**ABOUT THIS TASK**
After finding the line containing "Reese Witherspoon feet photo thumbnail" below, please output that line and each following one through the line containing "Rumah Mewah Full", exactly as written.

▬▬▬▬▬▬

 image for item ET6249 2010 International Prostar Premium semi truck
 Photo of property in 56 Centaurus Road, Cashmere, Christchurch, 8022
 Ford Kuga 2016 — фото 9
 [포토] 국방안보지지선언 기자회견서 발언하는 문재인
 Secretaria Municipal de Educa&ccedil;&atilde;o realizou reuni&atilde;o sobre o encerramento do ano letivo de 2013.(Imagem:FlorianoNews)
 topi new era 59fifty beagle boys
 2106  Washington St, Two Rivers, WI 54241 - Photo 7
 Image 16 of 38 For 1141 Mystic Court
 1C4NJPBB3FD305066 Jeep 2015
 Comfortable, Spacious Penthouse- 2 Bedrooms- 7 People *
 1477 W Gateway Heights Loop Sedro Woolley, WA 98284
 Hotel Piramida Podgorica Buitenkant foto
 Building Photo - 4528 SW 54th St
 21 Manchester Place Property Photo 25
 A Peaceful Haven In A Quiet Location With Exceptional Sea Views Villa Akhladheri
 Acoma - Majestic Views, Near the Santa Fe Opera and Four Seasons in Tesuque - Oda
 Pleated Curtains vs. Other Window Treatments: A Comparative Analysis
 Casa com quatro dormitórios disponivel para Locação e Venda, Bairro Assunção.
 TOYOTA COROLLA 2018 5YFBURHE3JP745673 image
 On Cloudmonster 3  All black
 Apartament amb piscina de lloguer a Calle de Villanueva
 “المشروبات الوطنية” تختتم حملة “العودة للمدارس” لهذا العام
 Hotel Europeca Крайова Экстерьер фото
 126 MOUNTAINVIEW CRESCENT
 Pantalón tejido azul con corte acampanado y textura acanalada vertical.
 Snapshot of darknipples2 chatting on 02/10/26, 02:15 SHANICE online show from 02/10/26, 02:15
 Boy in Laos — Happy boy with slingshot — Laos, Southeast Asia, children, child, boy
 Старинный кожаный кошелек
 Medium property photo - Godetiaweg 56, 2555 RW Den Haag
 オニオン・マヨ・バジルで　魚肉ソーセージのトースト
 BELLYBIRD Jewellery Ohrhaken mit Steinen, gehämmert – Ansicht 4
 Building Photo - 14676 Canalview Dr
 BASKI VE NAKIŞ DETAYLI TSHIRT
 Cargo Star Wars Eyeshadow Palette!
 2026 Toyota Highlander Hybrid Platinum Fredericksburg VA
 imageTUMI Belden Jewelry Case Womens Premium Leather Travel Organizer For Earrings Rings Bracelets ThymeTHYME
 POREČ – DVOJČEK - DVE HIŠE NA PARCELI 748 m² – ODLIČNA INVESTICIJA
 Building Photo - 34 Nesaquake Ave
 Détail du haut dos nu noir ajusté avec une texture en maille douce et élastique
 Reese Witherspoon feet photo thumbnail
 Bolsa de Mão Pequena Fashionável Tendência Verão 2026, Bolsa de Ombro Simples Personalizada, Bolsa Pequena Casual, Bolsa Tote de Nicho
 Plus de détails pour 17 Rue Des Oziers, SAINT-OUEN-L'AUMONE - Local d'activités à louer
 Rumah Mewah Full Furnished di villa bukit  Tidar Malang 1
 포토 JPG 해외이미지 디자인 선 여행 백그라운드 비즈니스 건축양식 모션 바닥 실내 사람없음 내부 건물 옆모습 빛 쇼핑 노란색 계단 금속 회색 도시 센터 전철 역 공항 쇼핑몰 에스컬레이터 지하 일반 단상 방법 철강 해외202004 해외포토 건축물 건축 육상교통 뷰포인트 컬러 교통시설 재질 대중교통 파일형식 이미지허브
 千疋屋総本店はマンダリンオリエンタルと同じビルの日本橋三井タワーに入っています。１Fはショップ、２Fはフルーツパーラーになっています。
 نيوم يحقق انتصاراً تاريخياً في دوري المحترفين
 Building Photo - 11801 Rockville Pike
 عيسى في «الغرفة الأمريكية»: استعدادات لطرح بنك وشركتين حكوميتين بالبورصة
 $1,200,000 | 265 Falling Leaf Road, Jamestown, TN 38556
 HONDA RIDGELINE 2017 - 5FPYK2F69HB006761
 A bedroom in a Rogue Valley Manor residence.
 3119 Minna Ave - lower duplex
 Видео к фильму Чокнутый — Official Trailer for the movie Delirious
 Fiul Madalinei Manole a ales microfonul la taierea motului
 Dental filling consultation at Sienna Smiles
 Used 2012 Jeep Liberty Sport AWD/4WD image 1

▬▬▬▬▬▬

**TASK ANSWER**
 Reese Witherspoon feet photo thumbnail
 Bolsa de Mão Pequena Fashionável Tendência Verão 2026, Bolsa de Ombro Simples Personalizada, Bolsa Pequena Casual, Bolsa Tote de Nicho
 Plus de détails pour 17 Rue Des Oziers, SAINT-OUEN-L'AUMONE - Local d'activités à louer
 Rumah Mewah Full Furnished di villa bukit  Tidar Malang 1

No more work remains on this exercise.